É João Abel Manta quem nos ajuda a fechar este folhetim de folhetins, que propositadamente fez um sobrevoo exaustivo sobre as várias leituras (e tantas ficaram por fazer) que a lusitana língua tem para nos dar do lado de cá do Atlântico. É Fernando Pessoa, qual Hamlet, a fazer a pergunta enigmática que esta série encerra. E devemos alguns esclarecimentos.

Antes do mais, porquê este título esotérico de “Pedras no meio do caminho”?
De facto, é Carlos Drummond de Andrade o inspirador desta fórmula, pelo poema que bem conhecemos.
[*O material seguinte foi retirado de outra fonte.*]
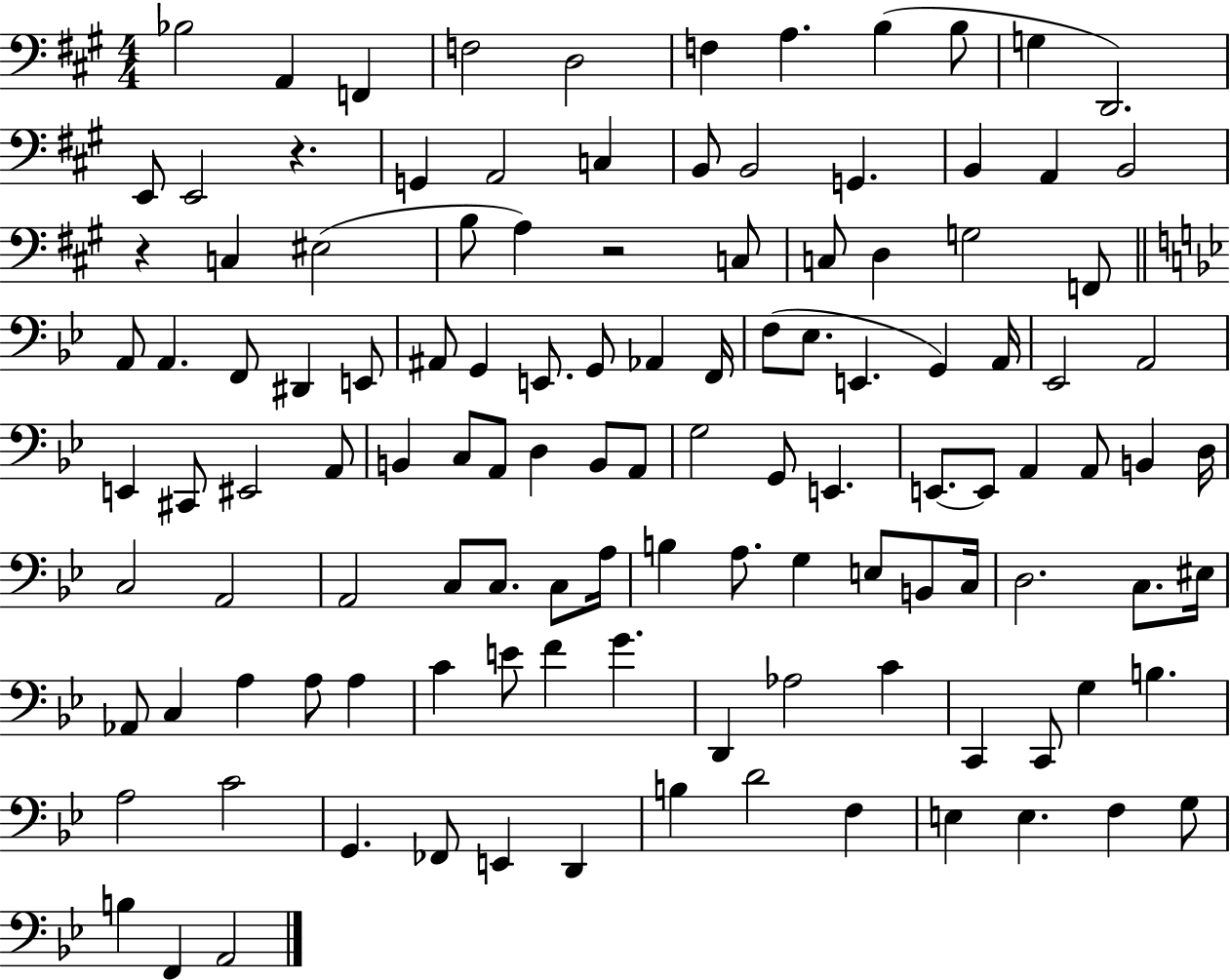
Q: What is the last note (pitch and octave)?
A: A2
   No meio do caminho tinha uma pedra
   tinha uma pedra no meio do caminho
   tinha uma pedra 

   no meio do caminho tinha uma pedra.

   Nunca me esquecerei desse acontecimento
   na vida de minhas retinas tão fatigadas.
   Nunca me esquecerei que no meio do caminho
   tinha uma pedra
   tinha uma pedra no meio do caminho
   no meio do caminho tinha uma pedra.

Parece estranho, mas não é. Os nossos leitores sabem que, ao longo do tempo – a memória e o património cultural representam-se metaforicamente, como quis Rabelais, entre pedras mortas e pedras vivas – e as pedras vivas são as pessoas. Não há cultura sem memória, sem interrogação, sem enigma. Monumentos, habitações, documentos, crónicas, idiomas, tradições, natureza, paisagem, técnicas, instrumentos, comunicação, criatividade. E foi assim que ao longo das semanas lidámos com fantasmas, propositadamente, com os seus caprichosos espíritos que, em vez de terem desaparecido, se mantêm presentes e vivos de diversas maneiras – pelo que escreveram e disseram, pelo que viveram e legaram. E do princípio ao fim lidámos com Carlos Fradique Mendes, heterónimo exclusivo de uma geração, símbolo heterogéneo, surgido na absurda história da Estrada de Sintra, filho de Eça e Ramalho, espécie de pirata cultor de um pensamento mefistofélico; depois Antero e Jaime Batalha Reis inventam-no como um poeta singular e marginal – e, por fim, Eça de Queiroz, liberto do pendor romântico da Ramalhal figura, deu-lhe nervo e espírito, com autonomia, como verdadeiro símbolo de uma geração maior. Não por acaso, demos dois exemplos de folhetins romanescos. As “Viagens” de Garrett renovaram a literatura (como fez Almada Negreiros em “Nome Guerra”) e o “Mistério da Estrada de Sintra”, sem ser obra genial, é o anúncio em parte (a de Eça) do naturalismo e depois do simbolismo. E voltamos a Fradique, que é muito mais do que filho de uma escola, representa a transição que nos conduz de Afonso e Carlos da Maia até Jacinto e Gonçalo Mendes Ramires – da Regeneração à Renascença Portuguesa, de 1870 a 1915 e ao “Orpheu”. Tivemos um Romantismo muito longo, libertado com Antero, Cesário e Pessanha de uma escola decaída de elogio mútuo, enterrada no Bom Senso e Bom Gosto e nas Conferências do Largo da Abegoaria.

 

Como podem compreender, o folhetim é caricatural e trágico. Poderíamos ter ido mais adiante. Chegámos aos Barbelas e aí pudemos ver quem somos na dimensão plural da história, mas poderíamos ter falado ainda de Agustina e da sua “Sibila”, de Quina e Germa e do mesmo ano emblemático: “Há uma data na varanda desta sala que lembra a época em que a casa se construiu. Um incêndio por alturas de 1870, reduziu a ruínas toda a estrutura primitiva”. Que data estranha esta, recorrente, tantas vezes encontrada.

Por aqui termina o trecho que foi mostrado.